→ WHAT YOU HAVE TO DO: Write out, word for word, every line from the one containing "Sideboard White 140x35x79" through the final line of the records.

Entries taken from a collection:
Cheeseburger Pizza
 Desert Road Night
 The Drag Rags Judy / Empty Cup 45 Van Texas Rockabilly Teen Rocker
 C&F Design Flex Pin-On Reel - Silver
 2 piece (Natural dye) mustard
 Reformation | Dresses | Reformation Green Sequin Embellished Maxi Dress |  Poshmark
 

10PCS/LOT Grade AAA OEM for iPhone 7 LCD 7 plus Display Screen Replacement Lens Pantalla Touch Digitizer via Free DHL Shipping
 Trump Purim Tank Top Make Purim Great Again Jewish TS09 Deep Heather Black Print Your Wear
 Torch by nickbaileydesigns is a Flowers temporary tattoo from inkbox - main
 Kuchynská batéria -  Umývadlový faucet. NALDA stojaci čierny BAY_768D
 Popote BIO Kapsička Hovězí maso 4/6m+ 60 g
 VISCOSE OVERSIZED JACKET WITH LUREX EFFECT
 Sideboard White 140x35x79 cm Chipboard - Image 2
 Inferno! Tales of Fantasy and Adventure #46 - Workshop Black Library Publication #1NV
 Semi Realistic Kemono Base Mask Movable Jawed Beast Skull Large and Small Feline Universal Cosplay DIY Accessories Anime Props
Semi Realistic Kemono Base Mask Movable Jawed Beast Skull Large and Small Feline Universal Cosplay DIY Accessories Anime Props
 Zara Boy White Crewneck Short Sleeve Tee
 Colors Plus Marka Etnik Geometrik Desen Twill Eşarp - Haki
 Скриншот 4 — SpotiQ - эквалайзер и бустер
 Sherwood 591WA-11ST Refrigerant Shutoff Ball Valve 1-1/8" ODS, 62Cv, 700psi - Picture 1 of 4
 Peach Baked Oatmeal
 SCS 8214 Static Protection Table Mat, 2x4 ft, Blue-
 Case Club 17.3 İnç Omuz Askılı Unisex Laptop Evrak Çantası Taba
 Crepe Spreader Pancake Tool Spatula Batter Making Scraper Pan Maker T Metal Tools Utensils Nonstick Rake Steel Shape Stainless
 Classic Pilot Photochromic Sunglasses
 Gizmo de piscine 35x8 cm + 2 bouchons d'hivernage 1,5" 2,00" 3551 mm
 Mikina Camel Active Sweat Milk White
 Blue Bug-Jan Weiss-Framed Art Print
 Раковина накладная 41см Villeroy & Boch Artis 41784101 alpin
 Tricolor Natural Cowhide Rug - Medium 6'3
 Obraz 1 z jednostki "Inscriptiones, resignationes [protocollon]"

→ RESULT OF THE TASK:
 Sideboard White 140x35x79 cm Chipboard - Image 2
 Inferno! Tales of Fantasy and Adventure #46 - Workshop Black Library Publication #1NV
 Semi Realistic Kemono Base Mask Movable Jawed Beast Skull Large and Small Feline Universal Cosplay DIY Accessories Anime Props
Semi Realistic Kemono Base Mask Movable Jawed Beast Skull Large and Small Feline Universal Cosplay DIY Accessories Anime Props
 Zara Boy White Crewneck Short Sleeve Tee
 Colors Plus Marka Etnik Geometrik Desen Twill Eşarp - Haki
 Скриншот 4 — SpotiQ - эквалайзер и бустер
 Sherwood 591WA-11ST Refrigerant Shutoff Ball Valve 1-1/8" ODS, 62Cv, 700psi - Picture 1 of 4
 Peach Baked Oatmeal
 SCS 8214 Static Protection Table Mat, 2x4 ft, Blue-
 Case Club 17.3 İnç Omuz Askılı Unisex Laptop Evrak Çantası Taba
 Crepe Spreader Pancake Tool Spatula Batter Making Scraper Pan Maker T Metal Tools Utensils Nonstick Rake Steel Shape Stainless
 Classic Pilot Photochromic Sunglasses
 Gizmo de piscine 35x8 cm + 2 bouchons d'hivernage 1,5" 2,00" 3551 mm
 Mikina Camel Active Sweat Milk White
 Blue Bug-Jan Weiss-Framed Art Print
 Раковина накладная 41см Villeroy & Boch Artis 41784101 alpin
 Tricolor Natural Cowhide Rug - Medium 6'3
 Obraz 1 z jednostki "Inscriptiones, resignationes [protocollon]"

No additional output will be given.